Les ingrédients de la crise
En fait de crise, il s’est surtout agi d’un discours sur une crise supposée, discours dont les composantes sont fortement sujettes à caution, mais qui s’est imposé au cours des années à force de répétition par des personnalités faisant « autorité » dans le petit monde de l’édition.
Le titre de l’article de Pierre Nora [3], qui inaugure en 1982 le discours sur la crise de l’édition SHS en France est on ne peut plus explicite : « Écrivez, on ne vous lira pas » [4]. Selon Pierre Nora, les étudiants d’alors, comparés à ceux de la génération des années 1960 et 1970, seraient dépourvus de toute curiosité intellectuelle et ne liraient rien en dehors des cours et des manuels : « Mais il faut admettre que deux mille cinq cents ans de baisse régulière, brutalement accentuée depuis 1970, ont fini par produire leur effet fatal : jamais les étudiants n’ont été aussi affamés de bibliographie dont ils ne lisent pas le premier titre » [5]. Leurs lectures, purement utilitaristes, ne seraient orientées que vers le passage des examens ; d’où des pratiques intensives de « photocopillage » et d’emprunts en bibliothèque en lieu et place d’achats de livres.
Plus de vingt ans plus tard, en 2004, Sophie Barluet, qui rédige un rapport de mission sur l’édition SHS pour le Centre national du livre (CNL) [6], confirme : chaque livre serait devenu une sorte de « banque de données » dans laquelle l’étudiant ne puiserait, au gré de ses besoins, que le strict nécessaire et, dit-elle, « le caractère nécessaire ne porte plus sur le livre en tant que tel, mais sur les éléments qu’il contient, et que l’on n’obtient le plus souvent que par les pratiques de "braconnage" que sont la photocopie et l’emprunt » [7].
Dans l’intervalle, tous les participants au débat sur la crise de l’édition SHS (Jérôme Lindon, François Gèze, Dominique Desjeux, Marcel Gauchet, Marc Minon, et quelques autres) ont adopté cette thèse du déclin de la lecture étudiante, à l’instar d’une revue comme « Livres-hebdo », publiée par le Cercle de la Librairie, syndicat patronal des industries du livre.

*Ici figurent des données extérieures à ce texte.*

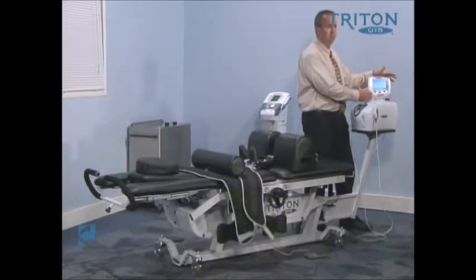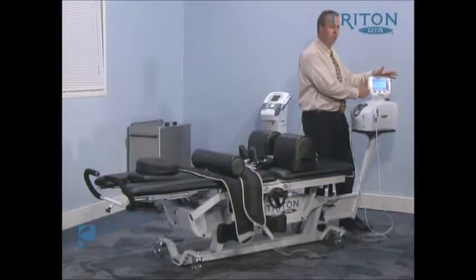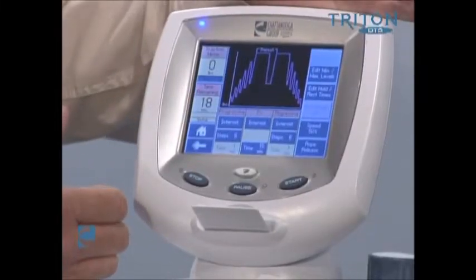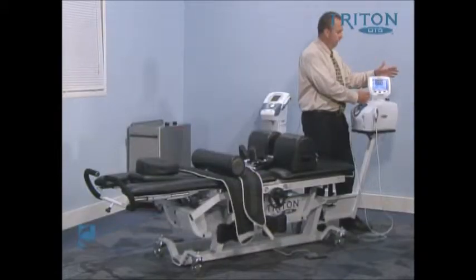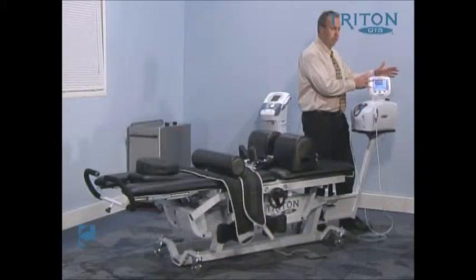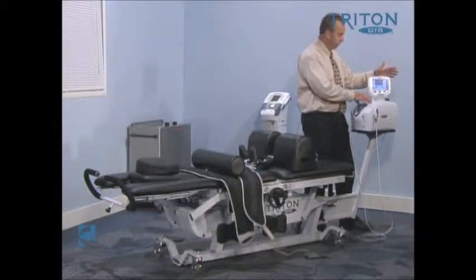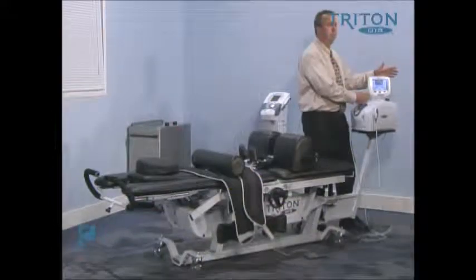It will then bring us to a screen that gives us an opportunity to look at what the parameter settings are. If you feel it doesn't necessarily fit your patient presentation and you wanted to change something, you can do so by simply hitting the edit button. To me, this is the largest benefit of this new DTS technology — our ability to manipulate all these parameters.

Selon les tenants de ce discours sur la crise, les (non)lecteurs étudiants ne sont pas les seuls responsables de la mévente des livres de SHS : les auteurs le sont aussi. D’une part, selon Pierre Nora, parce qu’ils n’écriraient pas bien : « Rares sont ceux qui ont gardé le goût de la belle ouvrage. D’abord parce que bien écrire ne fait pas très scientifique. Ensuite, parce que la plupart ne savent plus le français, qu’on ne leur a pas appris à écrire, ni à aimer, ni à respecter. Enfin et surtout parce qu’il y a l’ordinateur. Celui-ci a bien des avantages, mais il a rapidement modifié la manière d’écrire en substituant un style de flux oral à une écriture de réflexion et de concentration » [8] ; d’autre part, selon le même auteur, parce que les sujets qu’ils choisissent n’intéressent presque personne à cause de leur trop grande spécialisation : « … l’étude de la municipalité de Saint-Denis de 1921 à 1923, si importante qu‘elle puisse être, n’a pas de quoi mobiliser les foules » [9].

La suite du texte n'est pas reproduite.